Exercise goal: Repeat the entire listing exactly. Omit all pictures.

◆ ◆ ◆ ◆ ◆ ◆ ◆

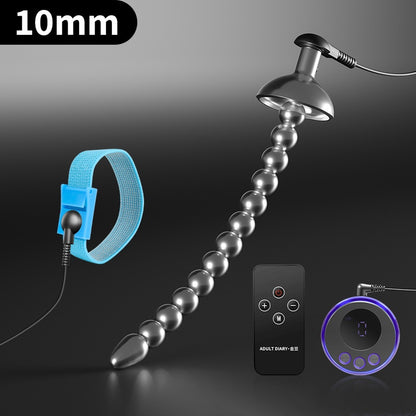 Metal Beaded Urethral Sounding Plug  - 10mm - image 10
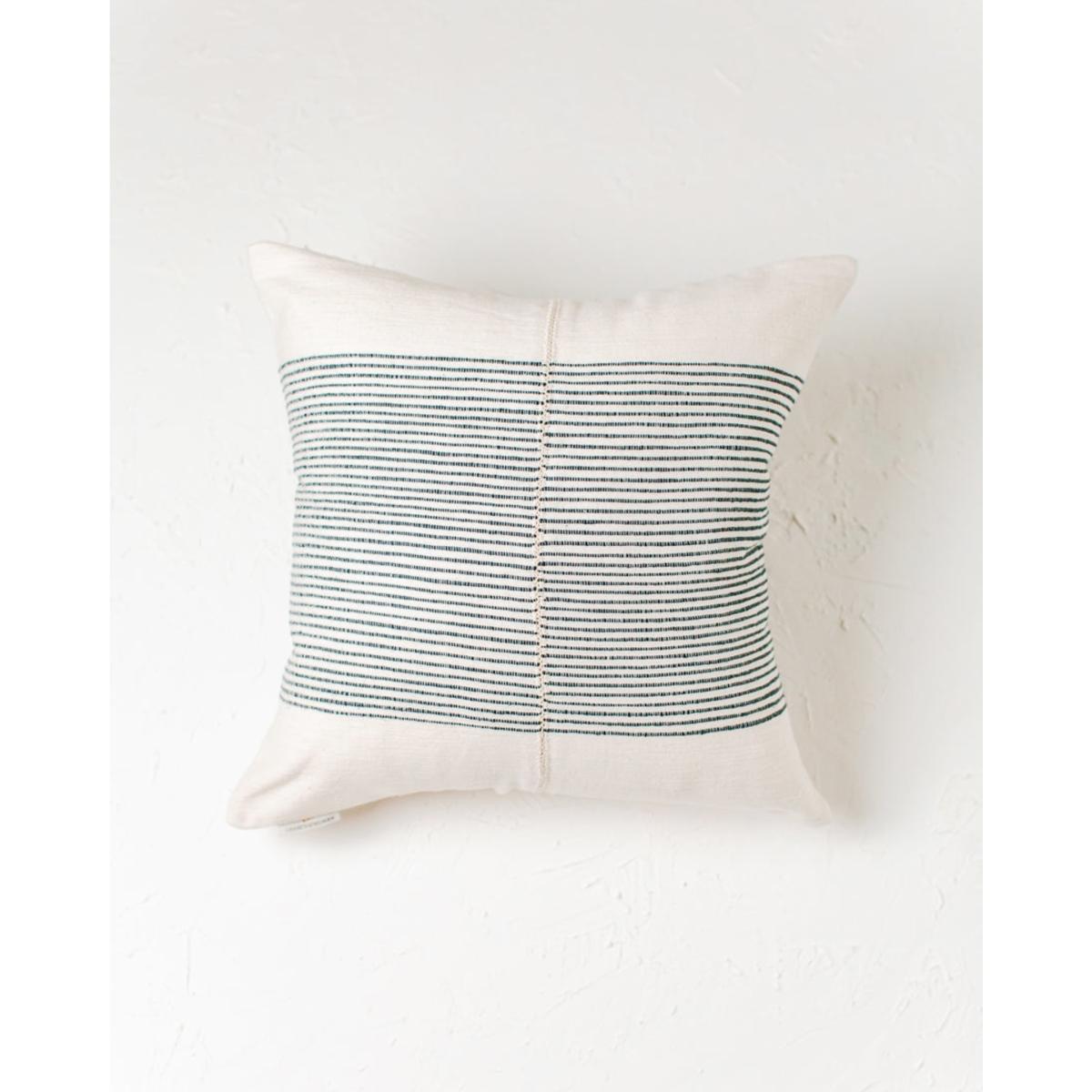 Blue / White Riviera Hand-Stitch Throw Pillow Navy Acacia Creations – image 5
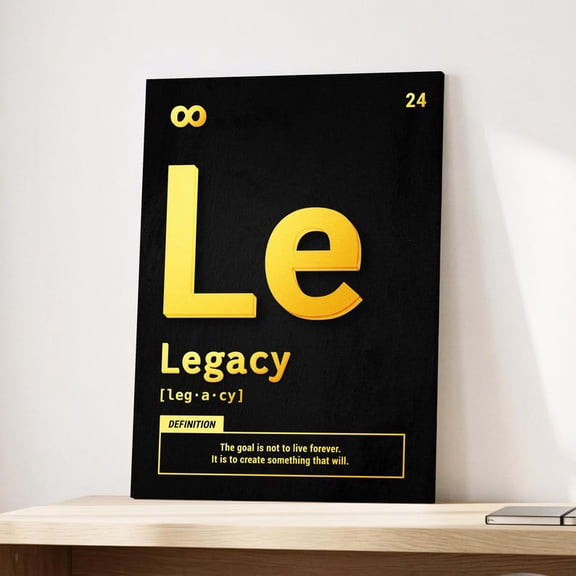 DailyMood Legacy Periodic Elements Definition Poster Unframed Motivational Chemistry Wall Art Print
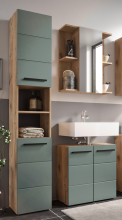 Badezimmer-Set >Vista< (3-tlg.) in Viking Oak /...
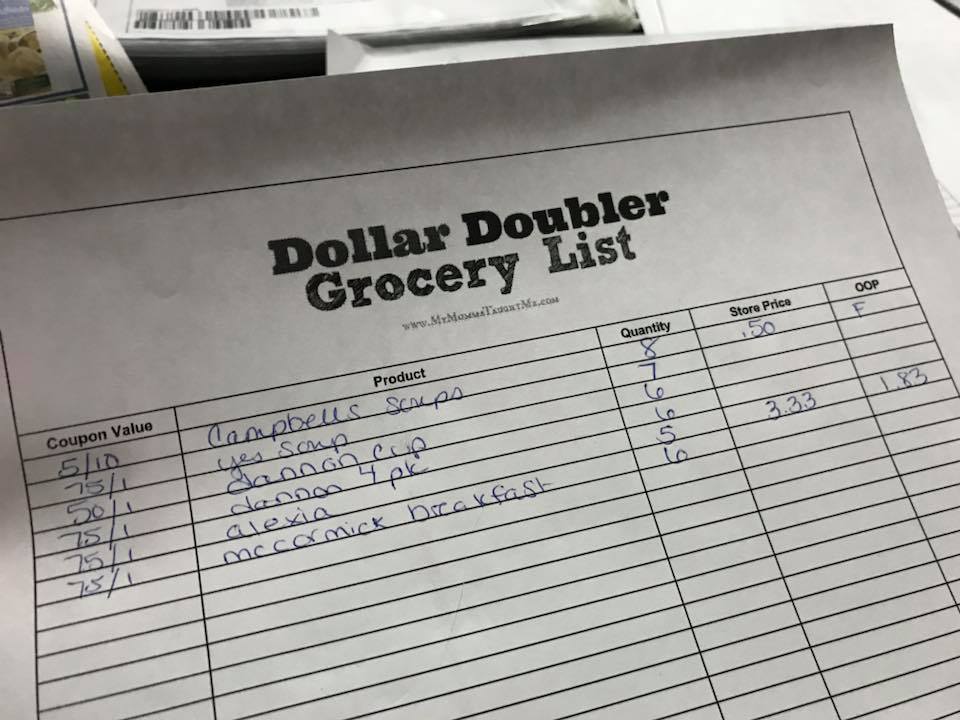 How I Make My Shopping List For Dollar Doubler Week At Tops Markets 7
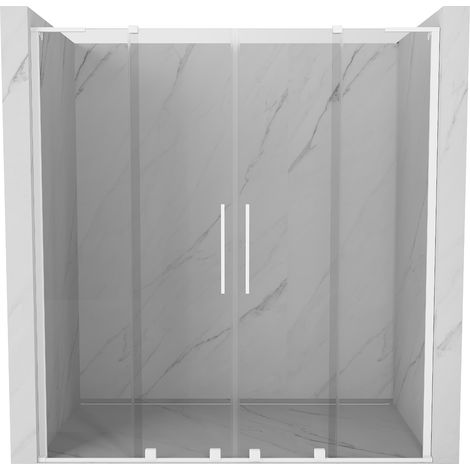 Mexen Velar L Duo puertas de ducha correderas 200 cm, transparentes, blancas - 871-200-003-02-20 (1/5)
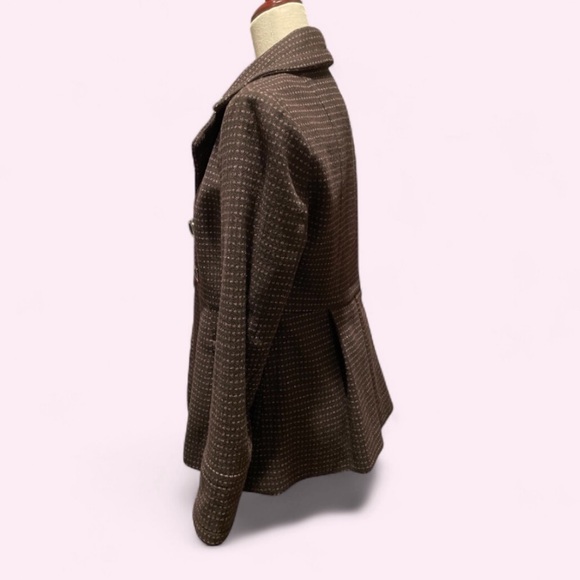Banana Republic Chocolate Brown and Mauve Wool Blend Jacket ~ size Small - Picture 9 of 13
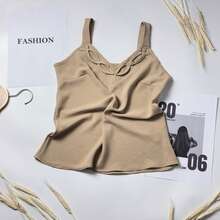 Women's Tank Top With Straps Summer Fashion Size M L XL - Màu be - Xem 5
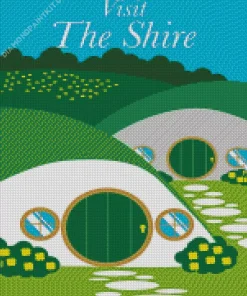 The Shire Travel Poster Diamond Painting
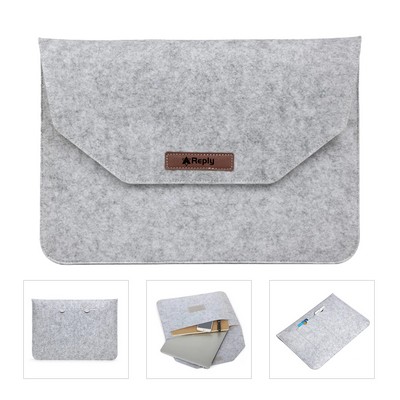 Felt Laptop Sleeve Case Document Bag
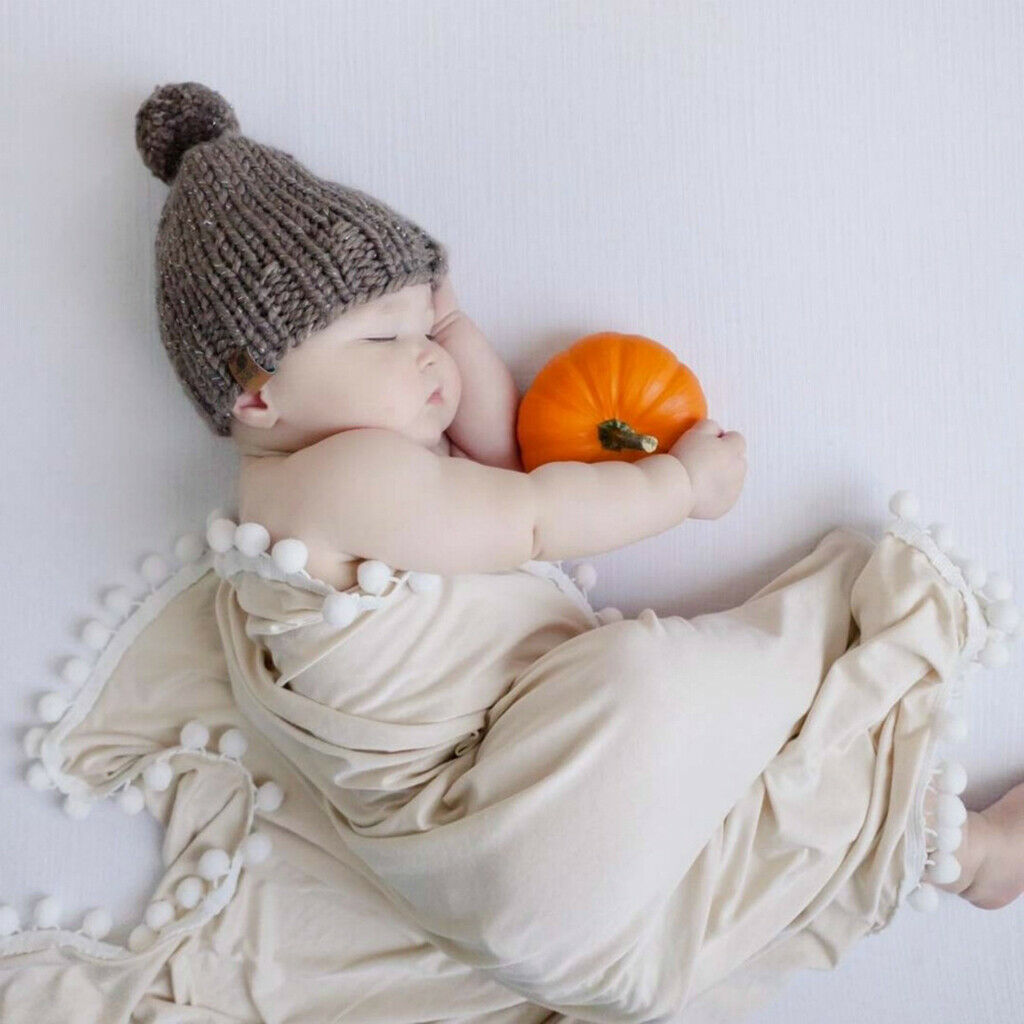 Soft 100% Cotton Muslin Prom Prom Swaddle Blanket for Baby Gray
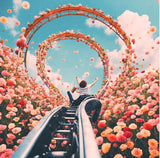 Flower roller coaster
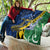 Personalised Crocodile and Shark Solomon Islands Quilt Polynesian Tribal Tattoo
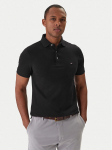 Tommy Hilfiger Polo mar&scaron;kinėliai 1985 MW0MW17771 Juoda Slim Fit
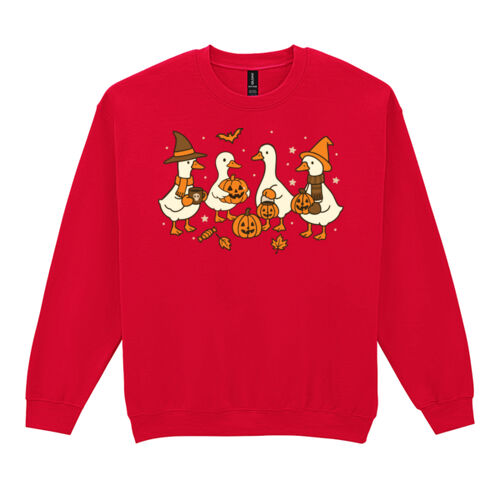 Halloween Duck - Heavy Blend™ adult crew neck sweatshirt Thumbnail
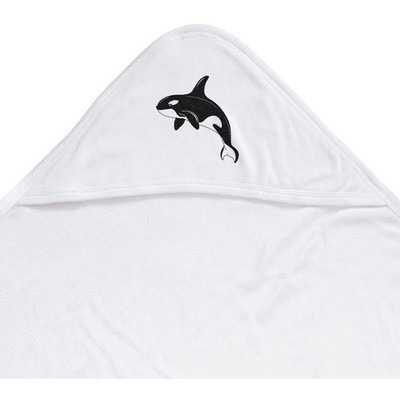 Baby Kapuzenhandtuch 'Orca Walspringen' (HT00031881)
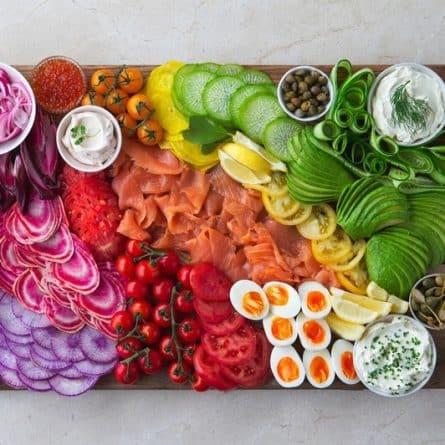 Panzer's Smoked Salmon Platter Large
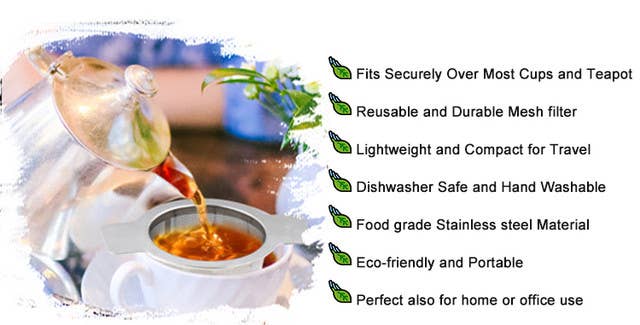 Hestia Foods - Wholesale Tea Strainer/Infuser - Stainless Steel Loose Tea Infuser, Large Capacity Fine Mesh5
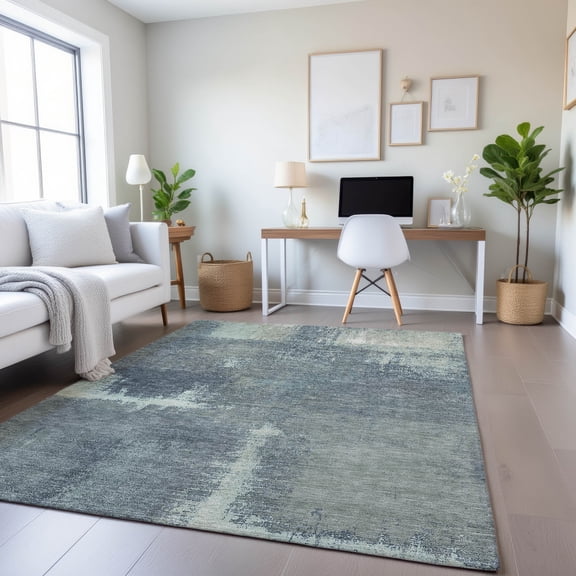 Addison Rugs Mayfield Premium Machine Washable Transitional Modern Sage Rectangle Rug, 10' x 14'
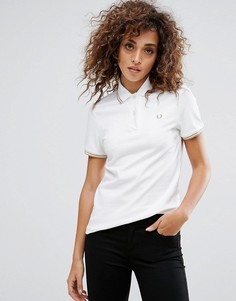 Футболка-поло с контрастным воротником Fred Perry - Белый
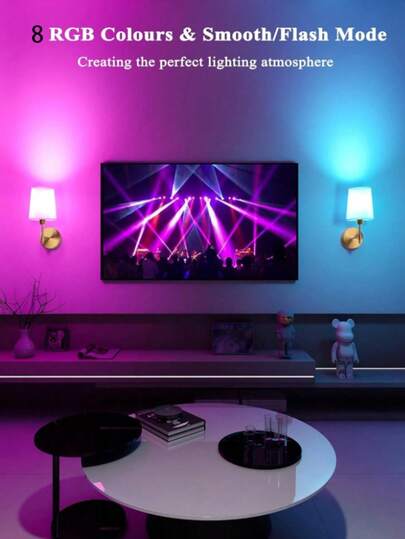 1200mAh Rechargeable Wireless Wand Lamp, Dimmable Detachable Verlichting Strip Remote Control, RGB s, Bedroom, Living Room Home Entrance ation view 5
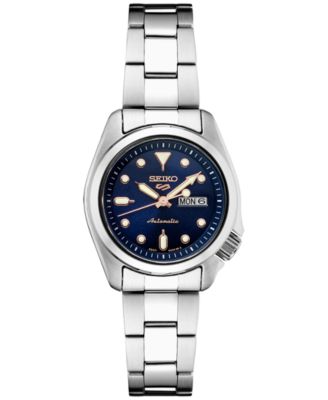 Seiko - Women's Automatic 5 Sports Stainless Steel Bracelet Watch 28mm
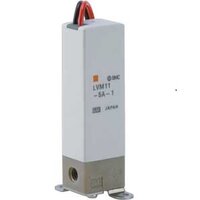 Elektrozawór 2/2, normalnie zamknięty, do chemikaliów, seria LVM11/13 (LVM11-6A-1-6-Q) - SMC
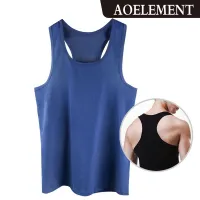 AOELEMENT เสื้อกล้ามผู้ชายผ้าฝ้ายแน่นกีฬาสลิมฟิตฟิตเนสเสื้อกล้ามยืดหยุ่นเยาวชนฤดูร้อน090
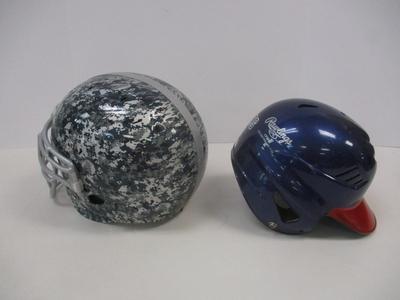 Schutt Football Helmet W/ Mask & CIS Rawlings Atlanta Braves Helmet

◆ ◆ ◆ ◆ ◆ ◆ ◆

Exercise result:
 Metal Beaded Urethral Sounding Plug  - 10mm - image 10
 Blue / White Riviera Hand-Stitch Throw Pillow Navy Acacia Creations – image 5
 DailyMood Legacy Periodic Elements Definition Poster Unframed Motivational Chemistry Wall Art Print
 Badezimmer-Set >Vista< (3-tlg.) in Viking Oak /...
 How I Make My Shopping List For Dollar Doubler Week At Tops Markets 7
 Mexen Velar L Duo puertas de ducha correderas 200 cm, transparentes, blancas - 871-200-003-02-20 (1/5)
Banana Republic Chocolate Brown and Mauve Wool Blend Jacket ~ size Small - Picture 9 of 13
 Women's Tank Top With Straps Summer Fashion Size M L XL - Màu be - Xem 5
 The Shire Travel Poster Diamond Painting
 Felt Laptop Sleeve Case Document Bag
 Soft 100% Cotton Muslin Prom Prom Swaddle Blanket for Baby Gray
 Flower roller coaster
 Personalised Crocodile and Shark Solomon Islands Quilt Polynesian Tribal Tattoo
 Tommy Hilfiger Polo mar&scaron;kinėliai 1985 MW0MW17771 Juoda Slim Fit
 Halloween Duck - Heavy Blend™ adult crew neck sweatshirt Thumbnail
 Baby Kapuzenhandtuch 'Orca Walspringen' (HT00031881)
 Panzer's Smoked Salmon Platter Large
 Hestia Foods - Wholesale Tea Strainer/Infuser - Stainless Steel Loose Tea Infuser, Large Capacity Fine Mesh5
 Addison Rugs Mayfield Premium Machine Washable Transitional Modern Sage Rectangle Rug, 10' x 14'
 Футболка-поло с контрастным воротником Fred Perry - Белый
 1200mAh Rechargeable Wireless Wand Lamp, Dimmable Detachable Verlichting Strip Remote Control, RGB s, Bedroom, Living Room Home Entrance ation view 5
 Seiko - Women's Automatic 5 Sports Stainless Steel Bracelet Watch 28mm
 Elektrozawór 2/2, normalnie zamknięty, do chemikaliów, seria LVM11/13 (LVM11-6A-1-6-Q) - SMC
 AOELEMENT เสื้อกล้ามผู้ชายผ้าฝ้ายแน่นกีฬาสลิมฟิตฟิตเนสเสื้อกล้ามยืดหยุ่นเยาวชนฤดูร้อน090
 Schutt Football Helmet W/ Mask & CIS Rawlings Atlanta Braves Helmet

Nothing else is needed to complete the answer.